At Bobby Dodd Stadium Tuesday morning, he had a new offensive coordinator (former Jackets quarterback and longtime NFL assistant coach George Godsey), a new defensive coordinator (Jason Semore, a past Tech assistant coach who replaces one-year coordinator Blake Gideon) and four new position coaches.
“You’d rather hit that hard reset after a good year than a really poor year,” Key said.
Gone, too, are the 26 seniors from the 2025 team — King included — who helped Tech achieve its first 8-0 start since 1966 and secured Tech’s first nine-win season since 2016.
“You can’t worry about the past,” Key said. “You can’t worry about those things.”
So starts Key’s second act. His first three seasons as a full-time coach went about as well as anyone could have hoped, though the 2025 season fell short of its potential.
The Jackets won 23 games in that span, the first time they had strung together three consecutive winning seasons since Tech achieved a 13-year streak from 1997 through 2009 under three different coaches (George O’Leary, Chan Gailey and Paul Johnson). Tech grabbed national acclaim with its 8-0 start, and King won legend status.
But now Key has to replicate that success without King’s playmaking and leadership and Faulkner’s expert play-calling skill, not to mention All-American guard Keylan Rutledge, first-team All-ACC defensive tackle Jordan van den Berg and offensive line coach Geep Wade, hired away by Nebraska. Besides Faulkner, Florida poached a slew of Tech staff members.
Key has embraced the turnover on his staff.
“I love it,” he said. “I love it. It’s fresh ideas, it’s fresh faces. It creates newness.”
Key highlighted reasons to have belief. He said he made his staff hires and roster additions with the shortcomings of the 2025 season in mind. Key described himself as “extremely still pissed off” about how the season ended. In case you want to relive it, the Jackets were 9-1 before a home loss to Pitt that went a long way to dousing Tech’s College Football Playoff hopes, a loss to archrival Georgia in Mercedes-Benz Stadium and then a bowl loss to BYU.

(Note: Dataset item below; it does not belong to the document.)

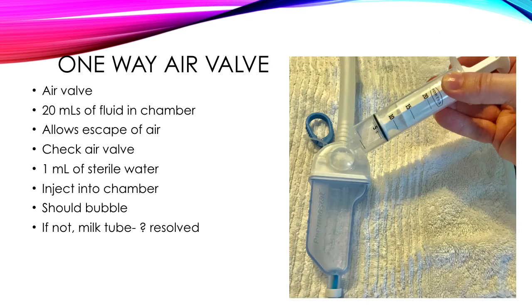One of the features you'll notice on the pneumostat is the one-way air valve. You can see there's a 20 mil chamber, and above that chamber is a small half-moon where you can add 1 mil of sterile water. This chamber acts as a reservoir with a one-way valve — air can bubble out of that reservoir, and if you have water in there, as the patient inhales and exhales you should be able to see it bubble, which is a normal sign.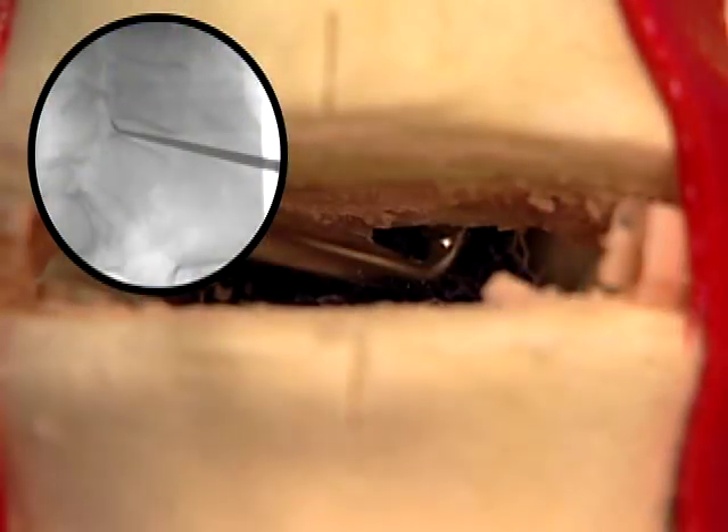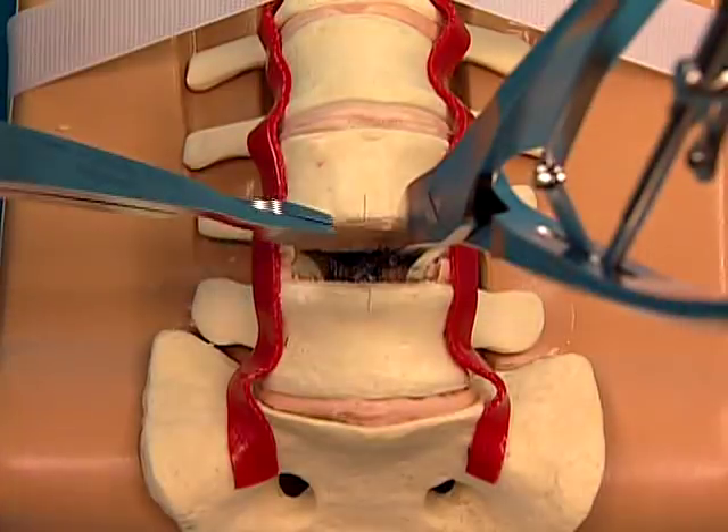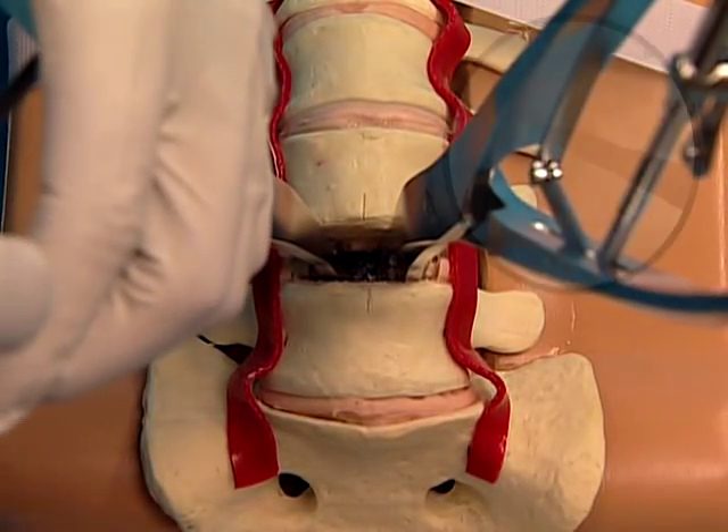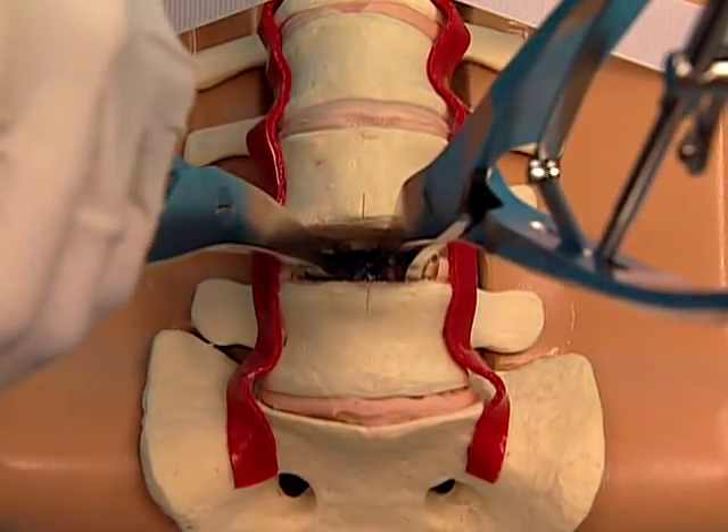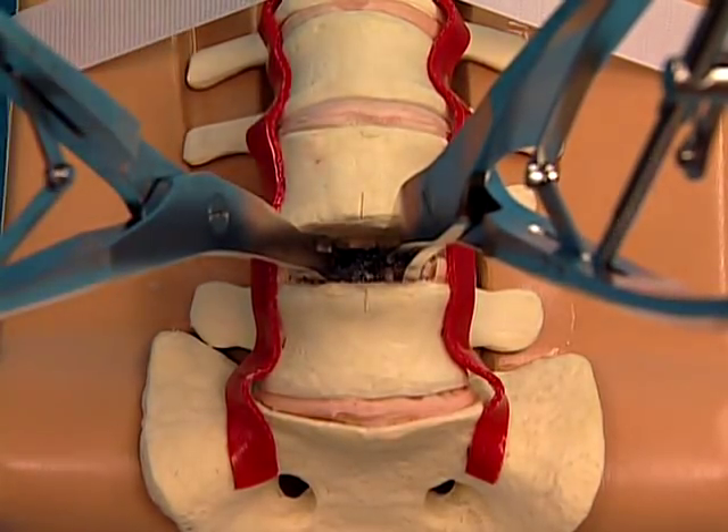Release the posterior longitudinal ligament by scraping a curved curette along the posterior border of the vertebral bodies. If posterior remobilization cannot be achieved after the posterior longitudinal ligament has been released, the posterior longitudinal ligament may be transected or completely resected. Use a vertebral body spreader on each side of the disc space and distract to ensure that the remobilization is balanced.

“If you don’t think that’s been at the forefront of everything out of my mouth for the last 2 ½ months, you’re crazy,” Key said. “It has. It has been in building the staff; it has been in building this roster.”
Specifically, Key burrowed even deeper into his core tenets about his program — trying to become stronger at the lines of scrimmage, more able to pound out tough yards and better at stopping the run.
“The core characteristics of what I identify a tough, physical football team as,” Key said. “We did not accomplish that in my opinion last season. And that is the mission of the ’26 football season.”
Key added size through the portal with transfers such as defensive tackles Tim Griffin (6-foot-5, 275 pounds) and Vincent Carroll-Jackson (6-5, 315) and defensive end Jordan Walker (6-4, 270), and made sure his hires shared his approach.
Said Key: “We had to get bigger.”
Unprompted, Key named another means by which Tech can improve, holding himself accountable for not doing a better job of developing players during the season.
“I’m a believer in, you play guys the first three, four, five games — if they’re talented, they’re going to be better versions of themselves,” he said. “They’re going to be better players when you get to later on (in the season). And that’s on me, I’m the head coach.”
And the portal has delivered potential replacements for the talent drain. Quarterback Alberto Mendoza, brother of Heisman Trophy winner Fernando Mendoza, took his first practice snaps Tuesday, as did running back Justice Haynes, a Buford High graduate who earned all-Big Ten honors at Michigan.
Mendoza has been spending long hours at the Tech football building, acclimating himself to his new offense and team.
“Just an ultimate ball junkie, and that’s what you have to have if you’re going to be successful,” Key said.
It sounds like there are some new pieces to work with. Tech may need every last one.